Berdasarkan data BPS hasil sensus 2010, bahwa jumlah populasi Kristen di Indonesia adalah 23.436.386 jiwa. Terdiri dari Protestan = 16.528.513 jiwa dan Katolik = 6.907.873 jiwa. Sangat sedikit, yakni hanya 10% dari total jumlah penduduk Indonesia sebesar 237.641.326 jiwa.Â
Walau hanya 10%, bila dikumpulkan di Monas, bisa melaut juga di situ. Lalu, apa? Apa yang mau ditunjukkan orang Kristen di situ? Bahwa, walau kecil, kita ada? Supaya dilihat oleh seluruh Indonesia bahkan dunia bahwa kita juga banyak? Besar? Hebat?Â
Bahkan sekalipun 10% itu berubah jadi 100%, itu sama sekali tidak perlu, sebab surga bukan kuantitas melainkan kualitas!
Kuantitas bukan tidak penting, tetapi kuantitas tanpa kualitas tidak ada artinya. Kuantitas masih harus menghasilkan kualitas. Bukan kualitas kegamaan semata melainkan juga kualitas diri, yakni kualitas pribadi yang mengalami perubahan dari manusia duniawi ke arah manusia surgawi.
Kualitas surgawi itu bukan hanya mendengar firman Tuhan tetapi juga melakukannya. Firman Tuhan menjadi daging, yakni menjadi bagian di dalam diri. Makin mendengar dan melakukan firman Tuhan akan makin mengalami perubahan pola pikir yang dipengaruhi oleh firman Tuhan itu.
Akan ada perubahan pola pikir yang negatif kepada yang positif. Cara pandang pun mengalami perubahan. Kualitas diri terus meningkat dengan perubahan tutur kata, sifat, tabiat, perilaku dan perbuatan.
Hidup menjadi serba positif. Pikiran positif, lisan positif, sifat positif, perilaku positif, dan perbuatan positif. Semua itu dari waktu ke waktu terus meningkat.

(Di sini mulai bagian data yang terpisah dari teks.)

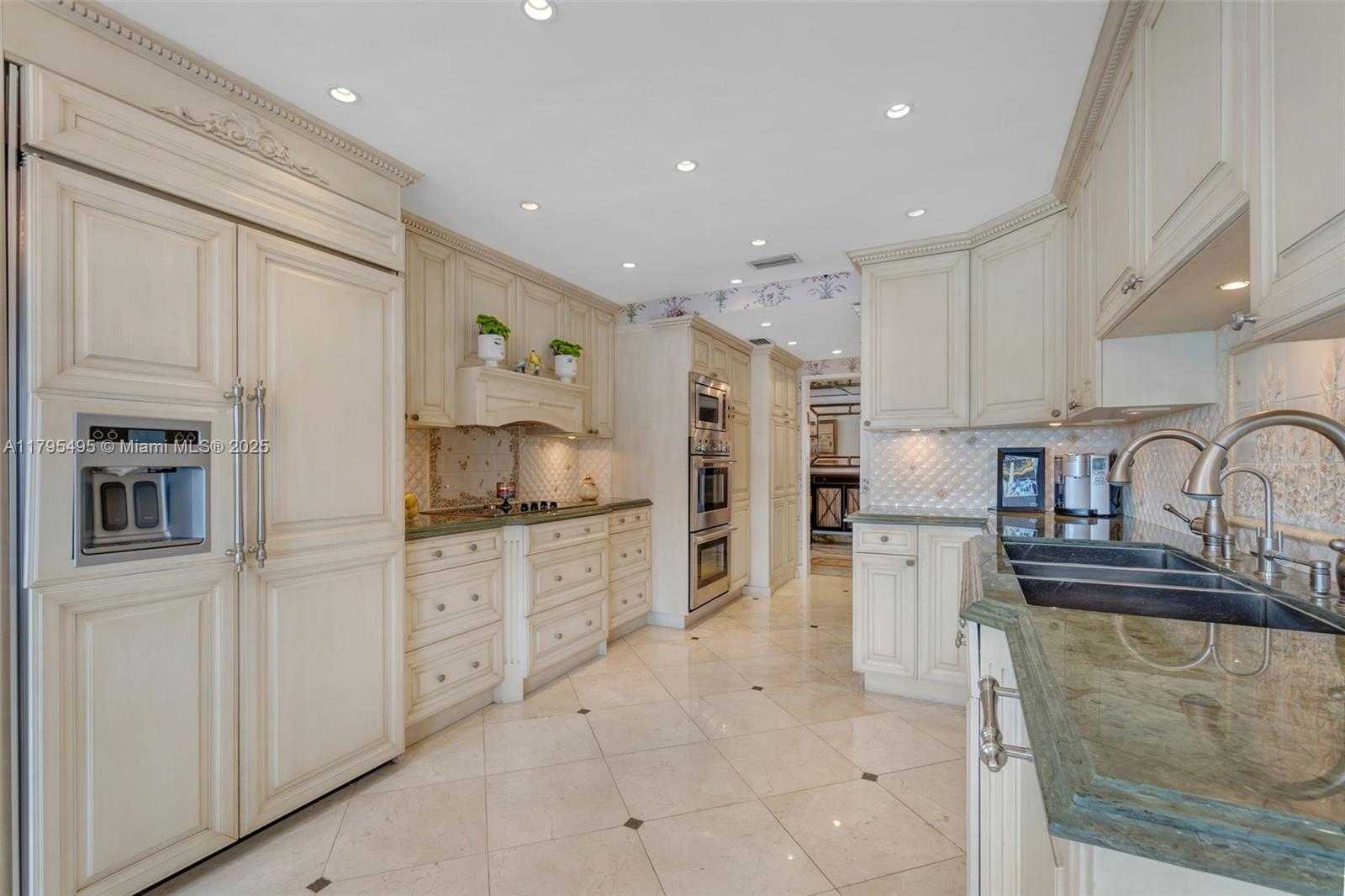 Small Image of 5660 COLLINS AVE #7E, Miami Beach Number 5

Oleh sebab itu, Gereja jangan buru-buru bangga dengan jumlah anggota jemaat yang besar, sebab besar pula tanggung jawab untuk mereka menjadi pribadi-pribadi yang berkualitas surgawi.
Ukurannya bukan pada jumlah yang besar, bukan pula pada sekadar keaktifan jemaat hadir beribadah dan berpartisipasi dalam setiap kegiatan Gereja hingga tidak pulang-pulang ke rumah karena terus di Gereja, bukan pula pada kehebatan menghafal ayat-ayat Kitab Suci, dan sebagainya.
Namun, apakah setiap warga jemaat sudah terlihat mengalami perubahan hidup, yakni menjadi pribadi yang dibaharui oleh firman Tuhan? Atau justru sebaliknya, masih seperti sekian tahun lalu, tidak berubah, begitu-begitu saja?
Masih banyak yang harus terus dikoreksi pada hati, pikiran, ucapan, perilaku, sifat, tabiat, dan perbuatan kita guna berkualitas surgawi.